Even when it directed children to use the TikTok Kids Mode service, a more protected version for kids, the complaint charges that TikTok collected and used their personal information in violation of COPPA. It also alleges that TikTok collected numerous categories of information and far more data than it needed, such as information about children’s activities on the app and multiple types of persistent identifiers, which it used to build profiles on children, while failing to notify parents about the full extent of its data collection and use practices. For example, TikTok shared this personal data with third parties such as Facebook and AppsFlyer to persuade existing Kids Mode users to use the service more after their use had declined or ceased, through a practice TikTok called “retargeting less active users,” according to the complaint.
TikTok also allegedly made it difficult for parents to request that their child’s accounts be deleted. When parents managed to navigate the multiple steps required to submit a deletion request, TikTok often failed to comply with those requests. TikTok also imposed unnecessary and duplicative hurdles for parents seeking to have their children’s data deleted.
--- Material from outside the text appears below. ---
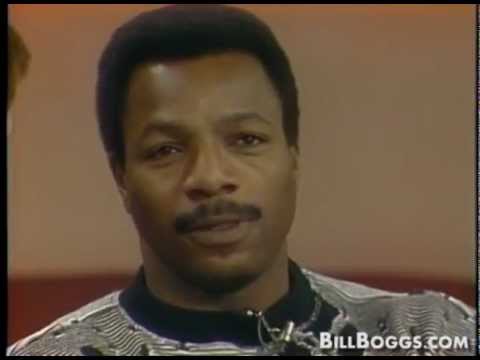 Carl Weathers aka Apollo Creed Interview with Bill Boggs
That practice allegedly continued even after the executive responsible for child safety issues told TikTok’s then-CEO, “we already have all the info that’s needed” to delete a child’s data when a parent requests it, yet TikTok would not delete it unless the parent fills out a second, duplicative form. If the parent did not do that, the executive allegedly added, “then we have actual knowledge of underage user[s] and took no action!”
The complaint also claimed that TikTok began violating the terms of the 2019 FTC order shortly after it went into effect. Two TikTok entities (previously Musical.ly and Musical.ly Inc., which ByteDance acquired in 2017 and renamed) agreed to the terms of the order to settle allegations that they violated the COPPA Rule by unlawfully collecting personal information from children under the age of 13.
Additionally, the complaint alleges that TikTok failed to:
- notify parents about all of the personal data they were collecting from children;
- obtain parental consent for the collection and use of that data;
- limit the collection, use, and disclosure of children’s personal information; and
- delete children’s personal information when requested by parents or when it was no longer needed.
The complaint asks the court to impose civil penalties against ByteDance and TikTok and to enter a permanent injunction against them to prevent future violations of COPPA. The FTC Act allows civil penalties up to $51,744 per violation, per day.
The Commission voted 3-0-2 to refer the complaint to the Department of Justice. Commissioners Melissa Holyoak and Andrew N. Ferguson were recused from participating. The complaint was filed in the U.S. District Court for the Central District of California.
NOTE: The Commission files a complaint when it has “reason to believe” that the named defendants are violating or are about to violate the law and it appears to the Commission that a proceeding is in the public interest. The case will be decided by the court.
The United States is represented in this action by Assistant Directors Rachael L. Doud and Zachary A. Dietert, and Trial Attorneys Ben Cornfeld and Marcus P. Smith, of the Civil Division’s Consumer Protection Branch. Jonathan W. Ware, Iris Micklavzina, Sarah Choi and Michael Sherling represent the FTC’s Bureau of Consumer Protection.